- What this task involves
Retype exactly every line from the one that includes "10K Yellow Gold" through the final line of the listing, both ends kept, and omit the pictures.

- Information supplied
◇ ◇ ◇ ◇ ◇ ◇ ◇

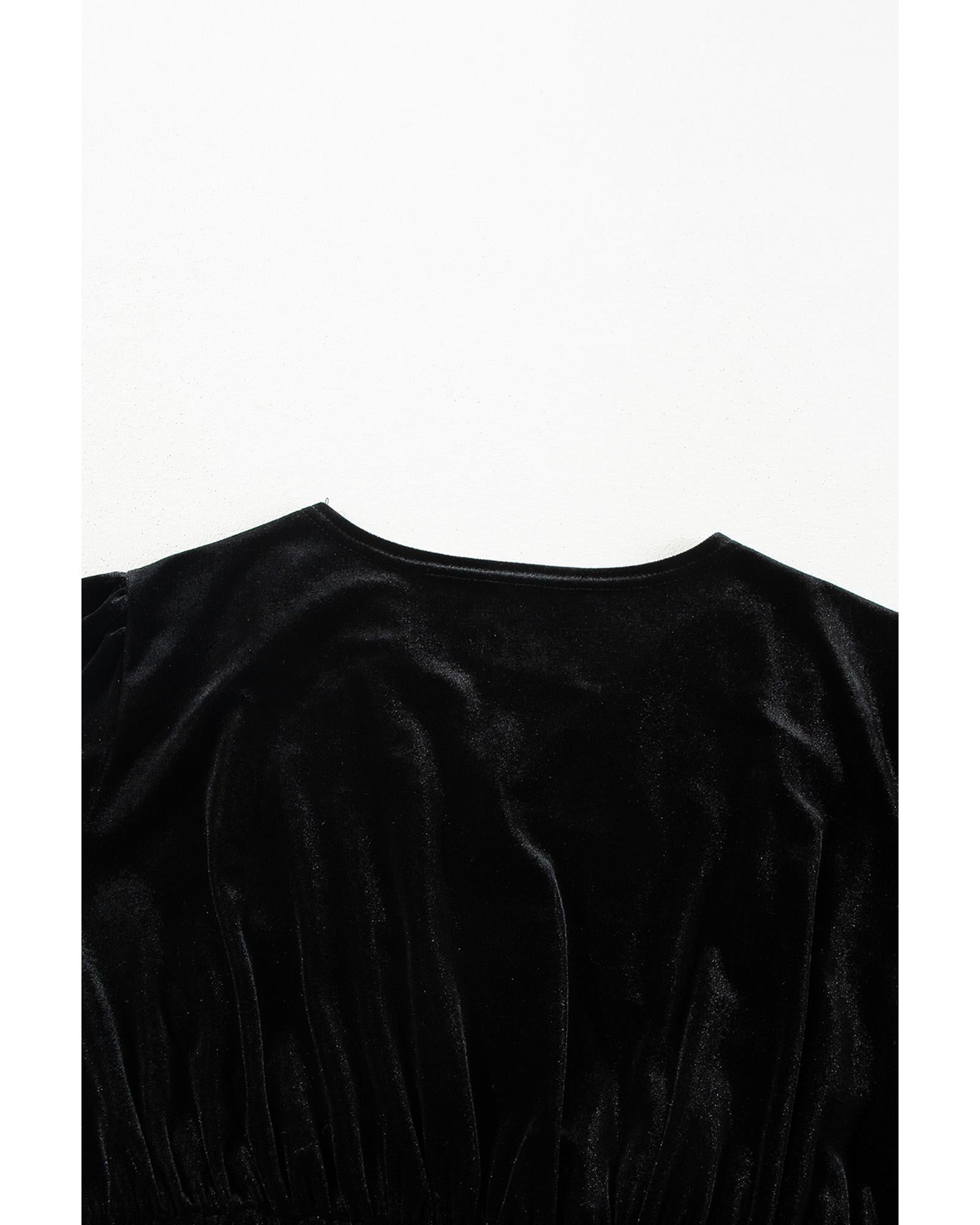 Black Velvet Long Sleeve Surplice High Waist Mini Dress - XL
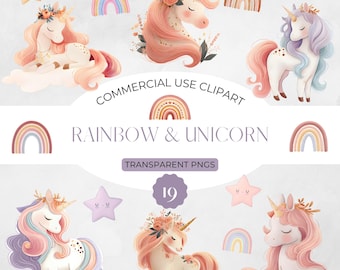 Unicorn Clipart Commercial Use–Watercolor Rainbow Unicorns PNG,Cute Baby Unicorn Digital Download for Scrapbooking,Sublimation,Nursery Decor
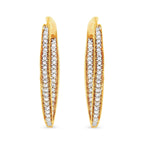 10K Yellow Gold 1/2 Cttw Round-Cut Diamond Modern Hoop Earrings (I-J Color, I2-I3 Clarity)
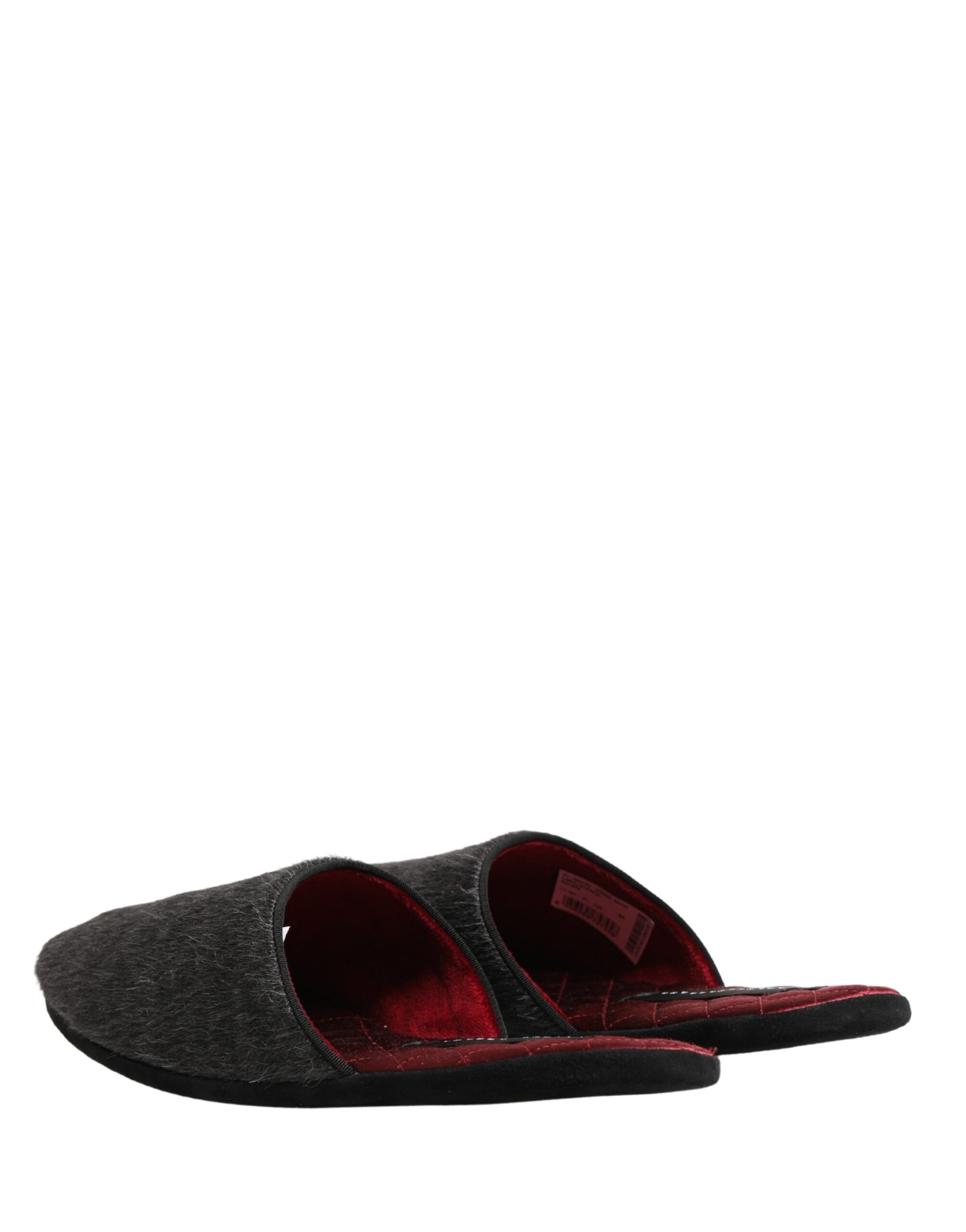 Dolce & Gabbana Dark Grey Charcoal Wool Red Slippers Shoes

◇ ◇ ◇ ◇ ◇ ◇ ◇

- Reply to the exercise
 10K Yellow Gold 1/2 Cttw Round-Cut Diamond Modern Hoop Earrings (I-J Color, I2-I3 Clarity)
 Dolce & Gabbana Dark Grey Charcoal Wool Red Slippers Shoes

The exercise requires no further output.